Diversos analistas de su obra coinciden en la vigencia de este pensamiento de Paz, sobre todo, en una era en la que la hiperconectividad digital, como se dijo, aleja de los vínculos clásicos a los humanos.

Se podría analizar también que la frase tiene aún más vigencia con la llegada a la masividad de la Inteligencia Artificial, ya que varios estudios recientes muestran que más personas interactúan con los chats antes que con los humanos.
En ese contexto también, la idea de que «amar es combatir», adquiere un significado profundo por el combate no-bélico al que hacía referencia Paz, sino la lucha por la humanidad, un proceso diario para combatir la indiferencia y el egoísmo.
Para el escritor, que vivió de cerca revoluciones sociales, la verdadera revolución no nacía de las ideologías, a las cuales criticó, sino de la capacidad humana de reconocer al otro con afecto y sentimientos.

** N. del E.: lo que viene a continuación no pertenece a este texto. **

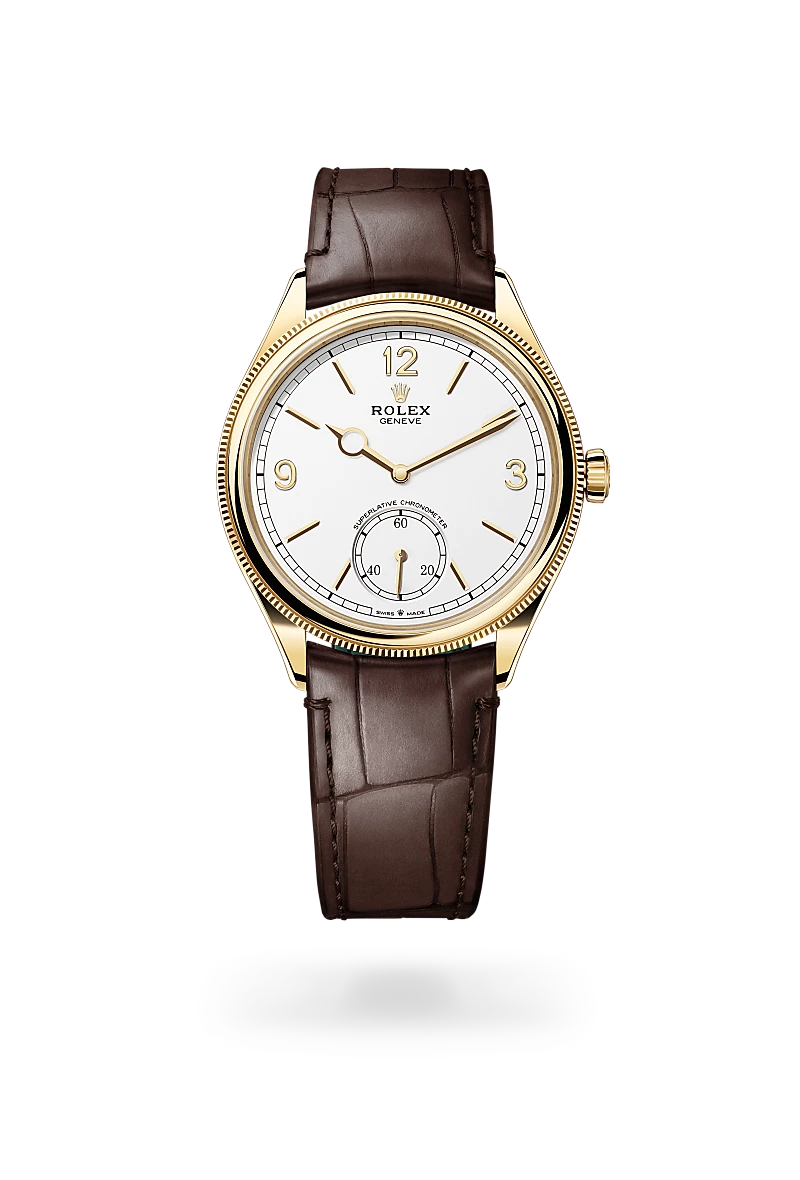 Rolex 1908 in 18 ct yellow gold, M52508-0006 - IJL Since 1937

El amor en el poema, a pesar de que pareciera hablar de un beso de pareja, se abre a cualquier tipo de afecto. Los sentimientos son la revolución, el amor es lo que cambia las estructuras y sacude la soledad. Es una experiencia transformadora.
Para el autor, enamorarse implica salirse de su capa, romper las berreras e interactuar. Por eso utiliza la palabra «combatir», ya que este deja detrás la idea de que debe mediar un esfuerzo y una lucha contra lo que impide el encuentro verdadero con el otro.
Sin dudas la frase configura una figura alegórica o metafórica poderosa. La libertad del ser humano estará en su punto cúlmine cuando sea más humano, cuando conecte con el otro, ame y bese, cambiando al mundo.